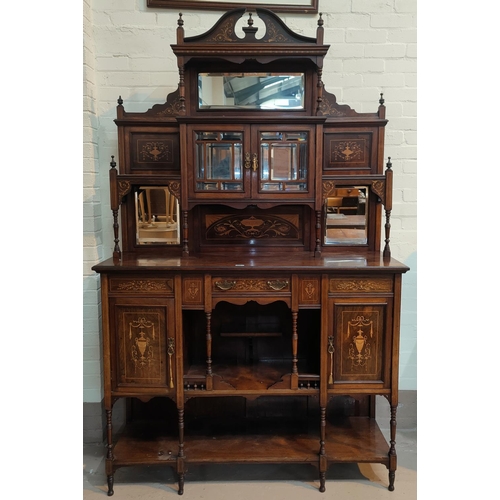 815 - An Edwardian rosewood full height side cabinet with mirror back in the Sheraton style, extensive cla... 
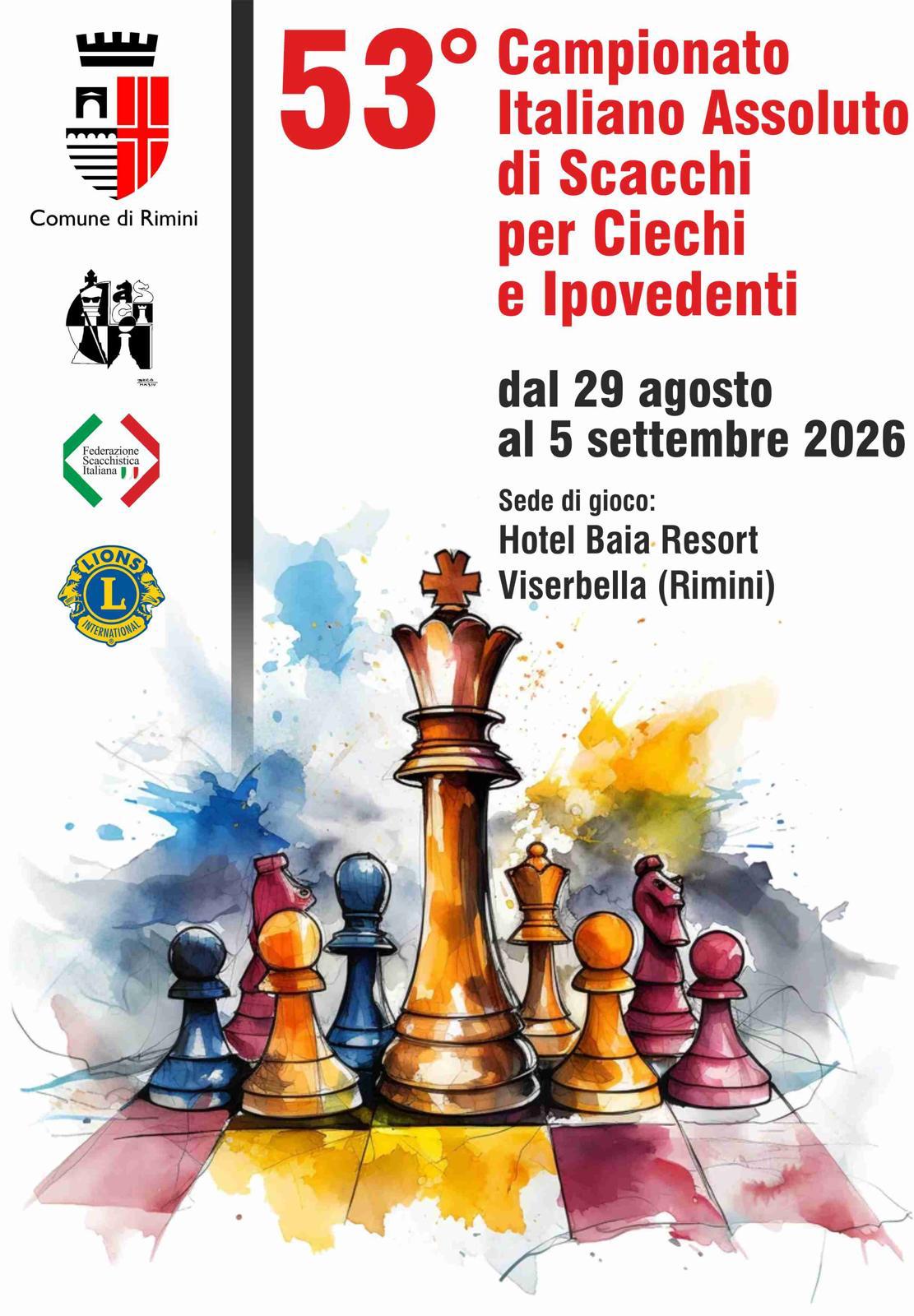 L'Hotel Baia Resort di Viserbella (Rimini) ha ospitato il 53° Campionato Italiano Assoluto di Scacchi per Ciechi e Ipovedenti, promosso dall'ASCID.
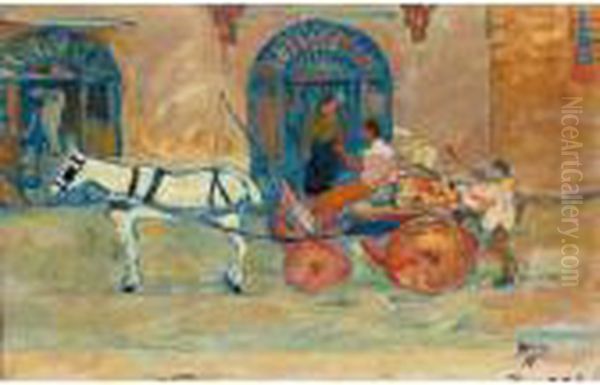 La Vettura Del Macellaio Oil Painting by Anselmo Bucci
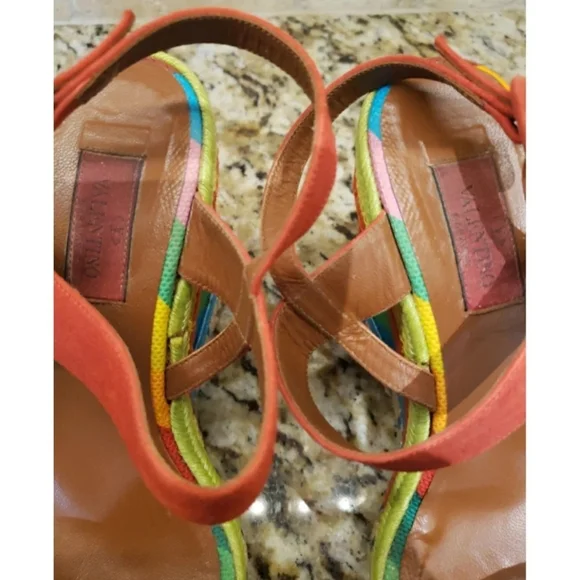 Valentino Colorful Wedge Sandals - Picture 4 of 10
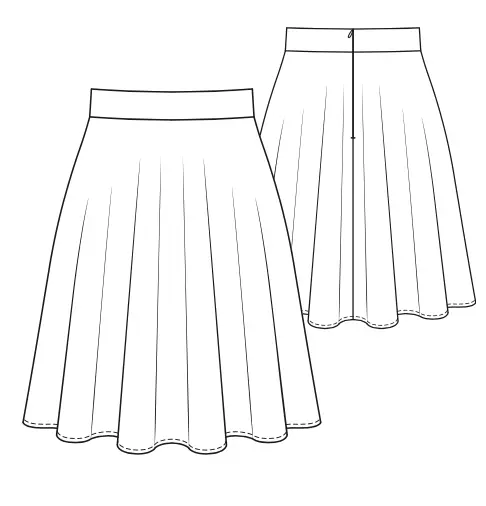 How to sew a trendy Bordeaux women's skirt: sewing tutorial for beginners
_____
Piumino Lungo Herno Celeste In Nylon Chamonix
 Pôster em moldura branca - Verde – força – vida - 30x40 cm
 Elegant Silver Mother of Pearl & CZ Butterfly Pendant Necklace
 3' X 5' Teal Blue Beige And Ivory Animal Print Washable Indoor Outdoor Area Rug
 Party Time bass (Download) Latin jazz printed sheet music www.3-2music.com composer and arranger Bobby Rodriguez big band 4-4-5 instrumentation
_____
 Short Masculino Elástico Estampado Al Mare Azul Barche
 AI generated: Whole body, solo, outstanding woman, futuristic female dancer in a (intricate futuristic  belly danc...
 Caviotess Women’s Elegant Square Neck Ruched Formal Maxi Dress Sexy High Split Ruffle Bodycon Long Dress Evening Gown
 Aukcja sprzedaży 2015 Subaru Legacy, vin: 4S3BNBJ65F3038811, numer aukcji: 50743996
_____
| WORK REQUIRED |
Above are records; repeat only the lines from the line with "815 - An Edwardian" through the line with "How to sew a", and leave pictures out.

| RESULT FOR THIS TASK |
 815 - An Edwardian rosewood full height side cabinet with mirror back in the Sheraton style, extensive cla... 
 L'Hotel Baia Resort di Viserbella (Rimini) ha ospitato il 53° Campionato Italiano Assoluto di Scacchi per Ciechi e Ipovedenti, promosso dall'ASCID.
 La Vettura Del Macellaio Oil Painting by Anselmo Bucci
 Valentino Colorful Wedge Sandals - Picture 4 of 10
 How to sew a trendy Bordeaux women's skirt: sewing tutorial for beginners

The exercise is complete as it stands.